Arriving in Fontana, I had sweat through every piece of clothing I owned. Temperatures in the 70s, full sun, no leaf cover, left me dehydrated and sunburnt. But that was all about to change. Hikers talk about three things: mileage, food, and weather. A winter snap was heading in, and the hiker anxiety was palpable at the Fontana Lodge. All conversations focused on everyone’s hiking plans. Are you going in the storm? Are you going to skip ahead and come back to this section? Did you hear the latest weather reports? Around and around we went.
From the start of my hike, I had planned to zero in Gatlinburg. Part of my reason for being out here was to explore the US a bit, and nobody does tacky tourism like we do and I love it, and Gatlinburg puts all our crazy on display in one mile-long main street.
The first half of the Smokies was the only thing standing between me and my zero of fun. But now I had to factor in this approaching storm. Snow doesn’t scare me. I spent the last few winters in Ukraine, and prior to my hike bought a home in western Massachusetts. My last training hike was on extremely icy trails. And I had already spent the last several weeks sweating my nights out in my winter hiking gear and cold weather quilt.
However, hiker anxiety can be insidious and extremely contagious.
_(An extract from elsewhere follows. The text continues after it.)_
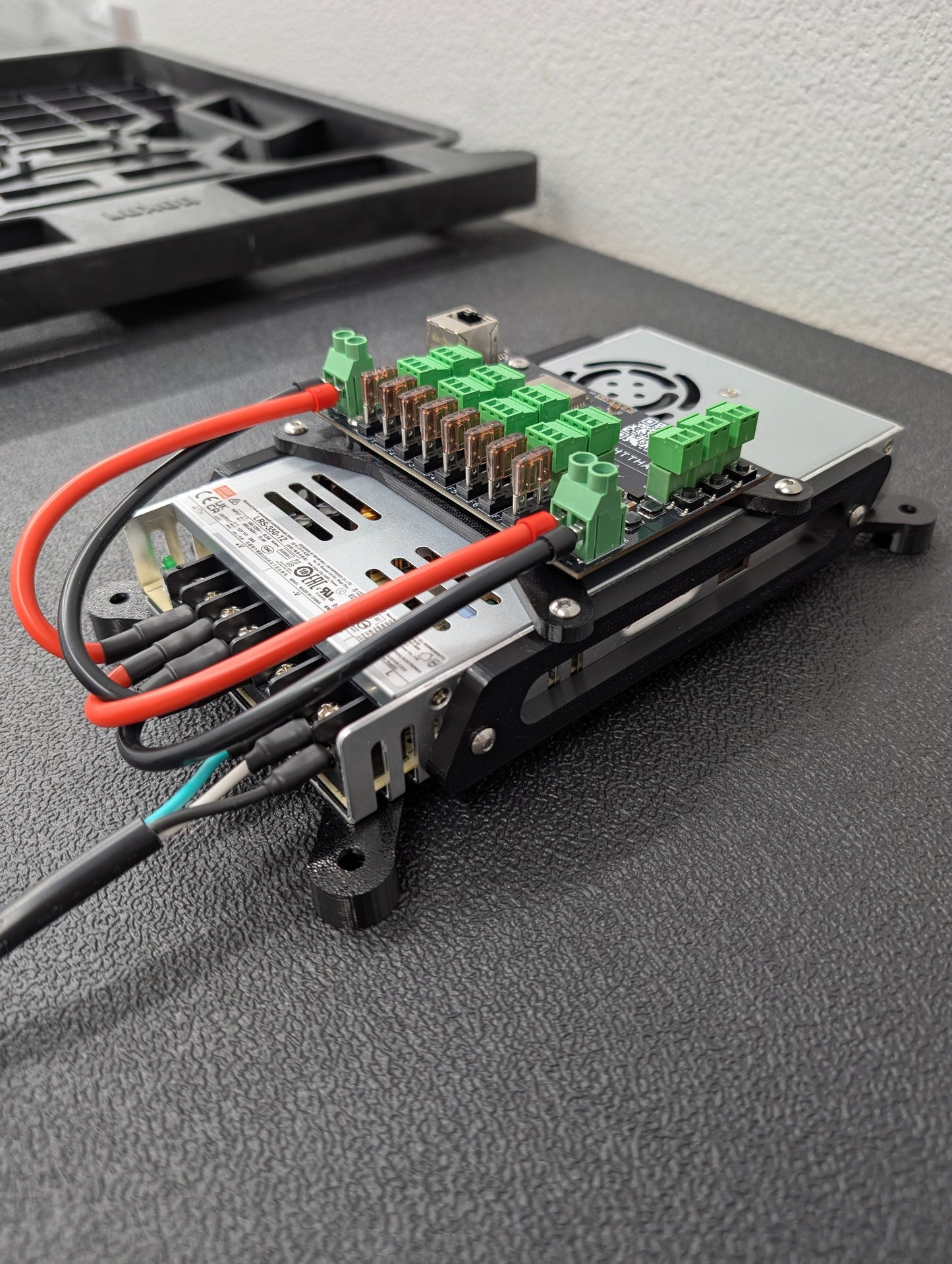 Baldrick8 – Ready-to-Run Pixel Controller (Cosmic 8-Series)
With every well-intentioned yet patronizing opinion regarding my decision to hike into the storm, I started to second guess my own skillset and confidence. Fortunately, my fiery side started to fight back, and I began to get angry. I am not on this trail to receive other people’s negativity, in any form. By the time I started to climb out of Fontana, I was pissed off and determined. I had taken a very sober assessment of my gear, my skill set, my hiking ability, and my cold-weather experience. I was as prepared as I could be.
My main goal was to hike around others, so if the storm was as bad as predicted, I could hunker down with them and not try to get through it alone. I had no idea then just how amazing that decision would turn out to be.
Meg was loaded down with extra food and my feet hated the extra weight. When I showed up at the Derrick Knob shelter the day before the storm, I admit my spirits were down. That quickly changed as I met the other eight people I would end up sharing the shelter with. We were all different ages. We came from different levels of experience. Some of us kept hiking to stay ahead of the traffic jam of hikers in Fontana. Some of us kept hiking because we couldn’t afford to stay back. Some of us kept hiking for the simple thrill of the challenge. But all of us were determined to see this storm through.
Those first to the shelter had cleared the surrounding forest floor of every scrap of wood to keep a fire going if we needed it. Then we set to the task of hanging tents, groundsheets, footprints, and rainflies to block the wind that was supposed to bring the most danger with sub-zero wind chills. We went to bed that night, four on the bottom bunk, five on the top, and waited for the storm to arrive. Being on the top bunk, I was more worried about the roof leaking in the rain, so when I felt cold drops on my face, I didn’t even open my eyes, I just slid my mat a little closer to the next person and ducked under my quilt. When we woke the next morning, we realized that the rain didn’t get in, but the snow did. The five of us on the top bunk were dusted with varying levels of snow. OK, cold winter storm day coming in. Fire was made, things were dried as best as they could, fingers and toes were warmed. Then began the next very long, very cold 24hrs.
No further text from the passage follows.